(COLLECTED MATERIAL begins)
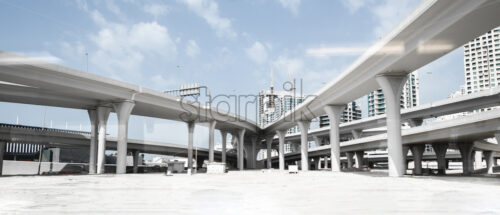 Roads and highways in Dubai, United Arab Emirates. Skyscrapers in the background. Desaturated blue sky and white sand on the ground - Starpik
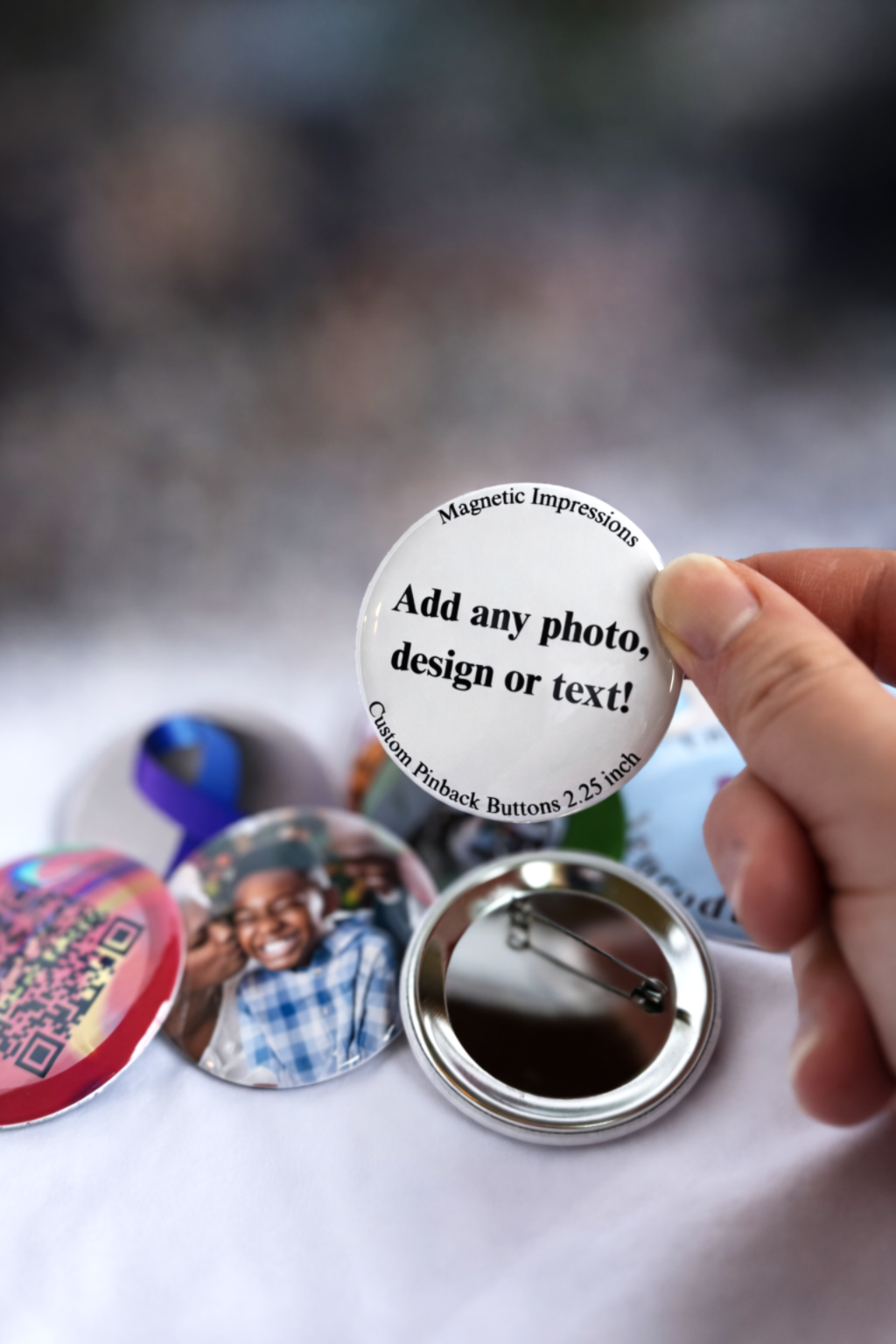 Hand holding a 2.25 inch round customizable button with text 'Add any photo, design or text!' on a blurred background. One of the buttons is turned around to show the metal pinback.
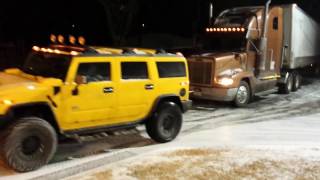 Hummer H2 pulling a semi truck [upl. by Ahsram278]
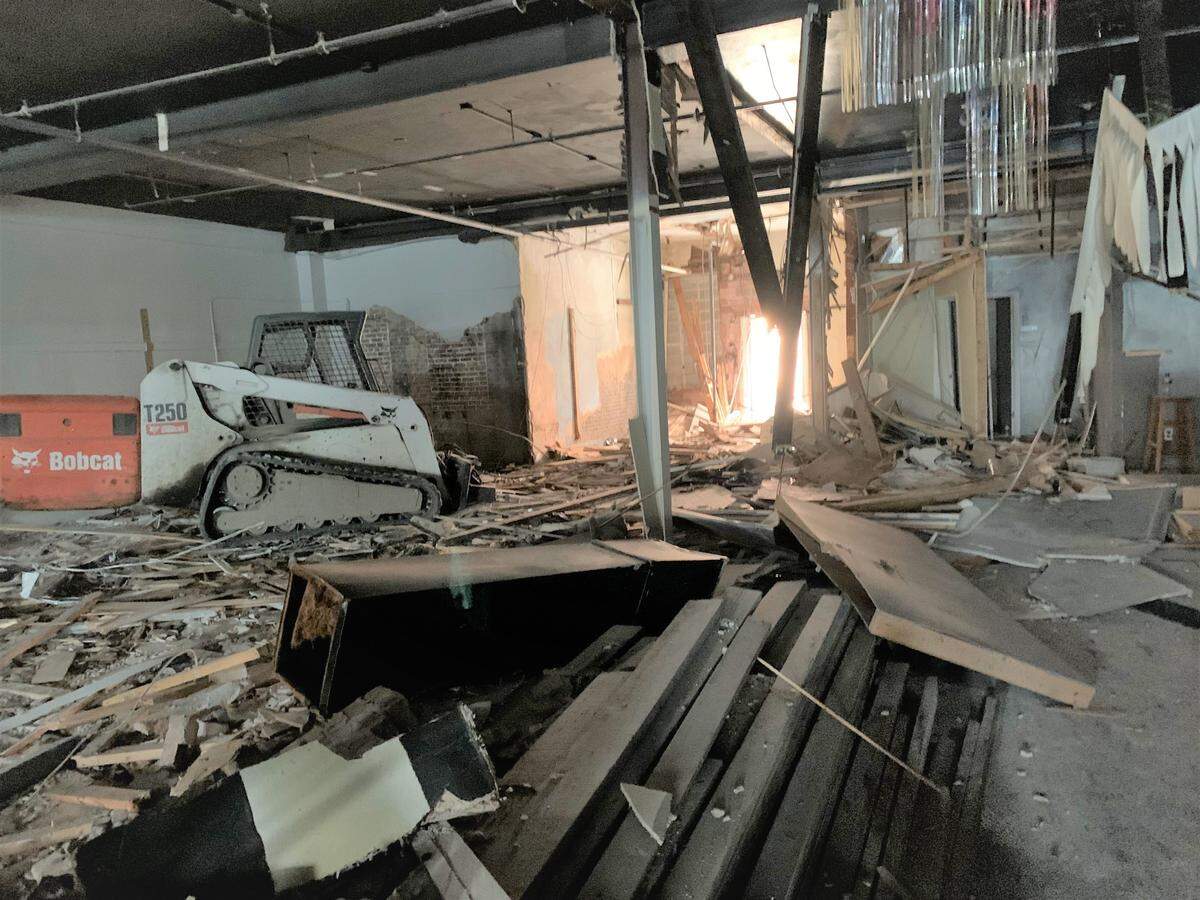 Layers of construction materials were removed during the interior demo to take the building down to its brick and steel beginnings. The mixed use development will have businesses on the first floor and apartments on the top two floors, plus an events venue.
(COLLECTED MATERIAL ends)
_EXERCISE DESCRIPTION_
Pictures excluded, repeat the material above from its first line through the line containing "Hand holding a", both included.

_EXERCISE SOLUTION_
 Roads and highways in Dubai, United Arab Emirates. Skyscrapers in the background. Desaturated blue sky and white sand on the ground - Starpik
 Hand holding a 2.25 inch round customizable button with text 'Add any photo, design or text!' on a blurred background. One of the buttons is turned around to show the metal pinback.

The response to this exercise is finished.